"I am glad to be able to tell you," declared Pakistan President Mohammad Yahya Khan in a recent address to his nation "that the army is in full control of the situation in East Pakistan. It has crushed the mischief-mongers, saboteurs and infiltrators." Alas for Yahya, the facts told a different story. Throughout East Pakistan, the embattled Bengali resistance movement seemed more determined than ever to prove, that it was alive and well — and capable of making life extremely difficult for the heavily armed but thinly spread occupation forces of the Pakistani Army.
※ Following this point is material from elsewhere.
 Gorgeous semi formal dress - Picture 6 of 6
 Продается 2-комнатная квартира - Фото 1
All across Pakistan's ravaged eastern province, revitalized rebel units made their presence felt last week in no uncertain terms. Taking advantage of a crash training program and of weapons, and ammunition supplied by India, Mukti Bahinl (Liberation Army) went on the offensive. Factories were sabotaged. Key bridges were toppled by well-placed dynamic blasts. Vital barge traffic was attacked from concealed machine gun emplacements. And railroad locomotives operating on the relatively few remaining open routes were blown off the tracks by mines.
THREAT
Though the heaviest attacks were concentrated near the Indian border, even the East Pakistani capital of Dacca, 90 miles away, came under rebel fire. Exchanges of gunshots and occasional explosions reverberated through the city's streets. And in one daring, late night attack earlier this month, Bengali insurgents knocked out the Dacca Power Plants main transformer, plunging the capital into total darkness for more than six hours. "It may be too early to view the Mukti Bahini as a serious military threat," said one Western diplomat in Dacca last week. "But there is no doubt that what we are witnessing is the first stage of bloody, long-lasting guerrilla warfare".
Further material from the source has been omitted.